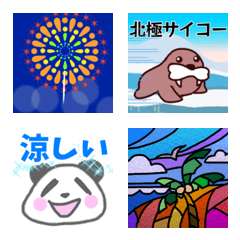 [LINE絵文字] 動く！かわいくて涼しい盛夏＊セイウチくんの画像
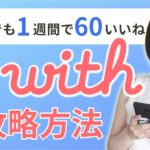 1週間で60いいね獲得！プロフィール最適化のコツ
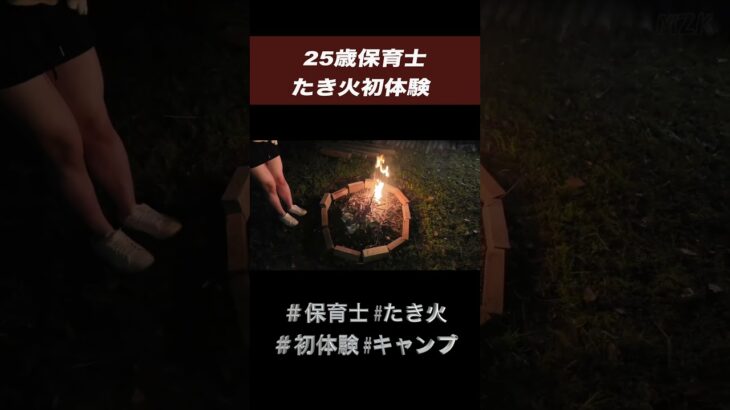 【夜の森で…初心者キャンパーが初めての火起こし🔥】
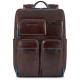 Рюкзак для ноутбука Piquadro B2 REVAMP(B2V) Cognac CA5381B2V_MO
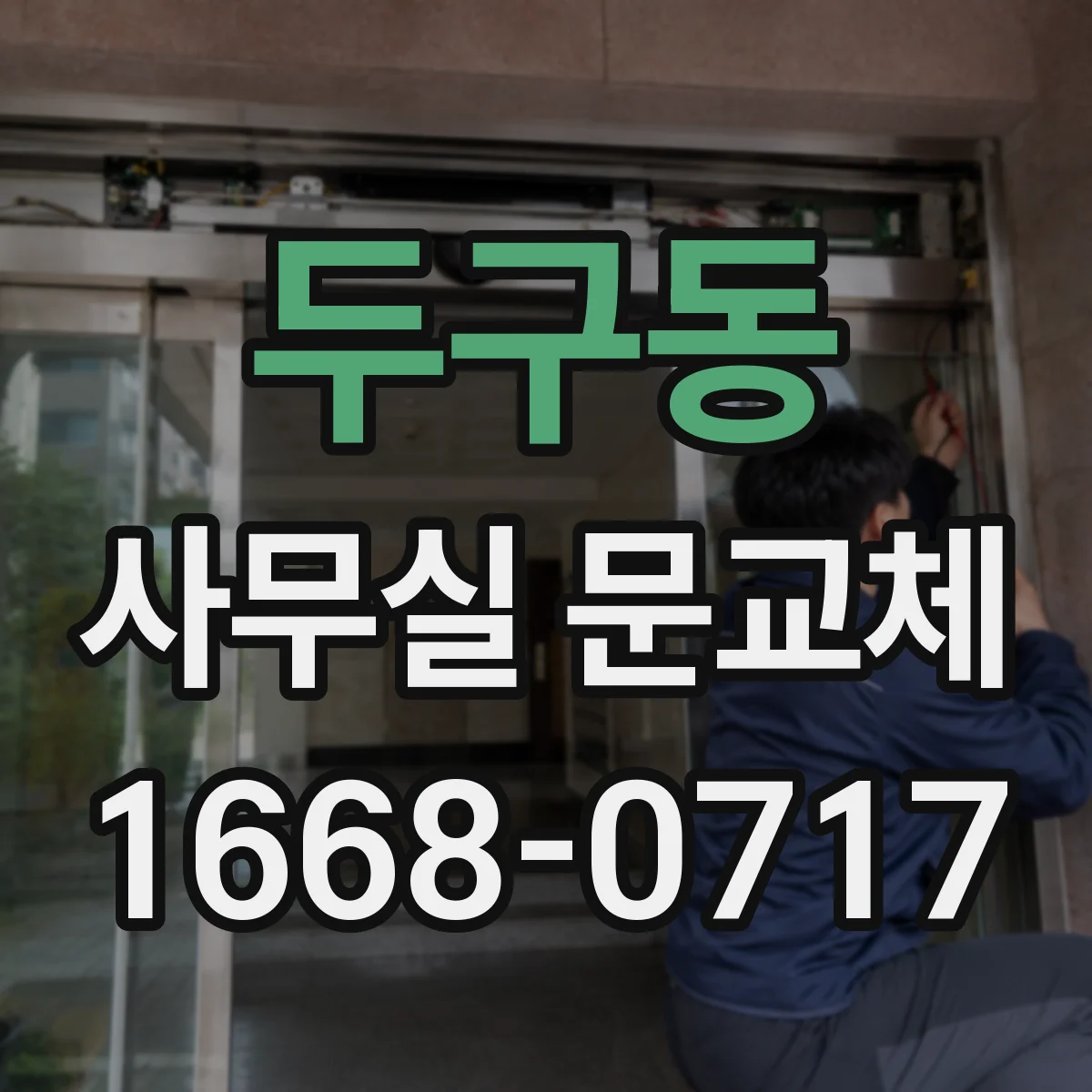 두구동 사무실 문교체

● ● ● ● ●

▸ **What you are asked to do**: The entries above are to be reproduced exactly, with the pictures dropped.

▸ **Written reply**:
 [LINE絵文字] 動く！かわいくて涼しい盛夏＊セイウチくんの画像
 1週間で60いいね獲得！プロフィール最適化のコツ
 【夜の森で…初心者キャンパーが初めての火起こし🔥】
 Рюкзак для ноутбука Piquadro B2 REVAMP(B2V) Cognac CA5381B2V_MO
 두구동 사무실 문교체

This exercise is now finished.